There is nowhere better to see a John B. Keane play than in Listowel and there are no better interpreters of the great playwright's work than his own North Kerry folk and you will find nowhere a more appreciative audience than in Listowel.

If one were  to single out one actor in a really strong cast in the latest production in St. John's,  Batt O'Keeffe put in an outstanding performance as Danger Mulally on Friday's opening night. I have seen Batt  play many parts over the years. His Michael James O'Flaherty in Synge's Playboy of the Western World was top class. But it would be hard to find a more professional performance than the one Batt put in on April 20 2018. I am delighted I was there to enjoy it.

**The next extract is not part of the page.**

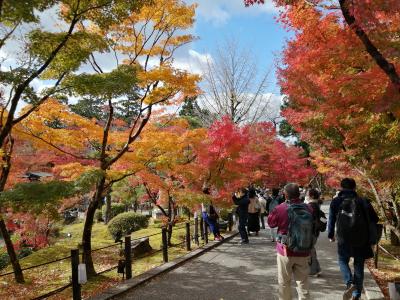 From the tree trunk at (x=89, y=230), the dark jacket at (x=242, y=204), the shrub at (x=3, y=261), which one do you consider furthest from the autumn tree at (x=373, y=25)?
the shrub at (x=3, y=261)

Jack McKenna, Jamie Mazzelle, Annette O'Donnell, Sonny Egan, Rebecca Stapleton, Margaret Flavin
Oliver McGrath, Batt O'Keeffe, Barry Francis, Frances Kennedy, Tommy Denihan, Conor Foley and Gearóid O'Connor
Caitríona Dillon is missing from the photograph.


In the interval I met up with three lovely ladies who were remembering John B. with great fondness and I'm sure he was smiling down  on them....Anne Keane, John B.'s grandaughter was with a great Keane family friend, Sally O'Neill and Anne's aunt, John B.'s daughter, Joanna O'Flynn.


Aileen Hayes/ Scanlon was making a return to Listowel for the weekend. Aileen was a teacher in Presentation Secondary School, Listowel before her marriage. Joanna Keane was one of her star pupils.